(ACTIVITY) Could you give back the records exactly, taking out the pictures?

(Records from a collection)

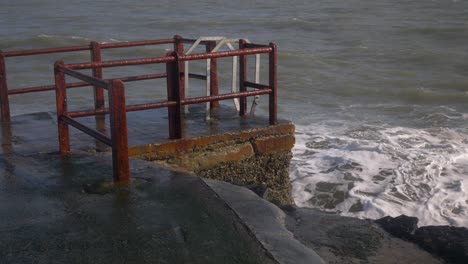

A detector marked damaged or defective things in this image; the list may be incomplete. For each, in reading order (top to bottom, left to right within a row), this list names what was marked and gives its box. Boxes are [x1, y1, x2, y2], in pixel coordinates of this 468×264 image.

horizontal rusty railing bar [1, 37, 176, 57]
red rusted railing post [54, 60, 70, 154]
horizontal rusty railing bar [57, 65, 109, 87]
horizontal rusty railing bar [7, 72, 168, 95]
horizontal rusty railing bar [68, 100, 178, 117]
red rusted railing post [165, 50, 182, 139]
horizontal rusty railing bar [182, 88, 270, 105]
horizontal rusty railing bar [60, 115, 111, 145]
red rusted railing post [109, 79, 130, 183]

(YOUR RESPONSE)
A detector marked damaged or defective things in this image; the list may be incomplete. For each, in reading order (top to bottom, left to right within a row), this list names what was marked and gives its box. Boxes are [x1, y1, x2, y2], in pixel coordinates of this 468×264 image.

horizontal rusty railing bar [1, 37, 176, 57]
red rusted railing post [54, 60, 70, 154]
horizontal rusty railing bar [57, 65, 109, 87]
horizontal rusty railing bar [7, 72, 168, 95]
horizontal rusty railing bar [68, 100, 178, 117]
red rusted railing post [165, 50, 182, 139]
horizontal rusty railing bar [182, 88, 270, 105]
horizontal rusty railing bar [60, 115, 111, 145]
red rusted railing post [109, 79, 130, 183]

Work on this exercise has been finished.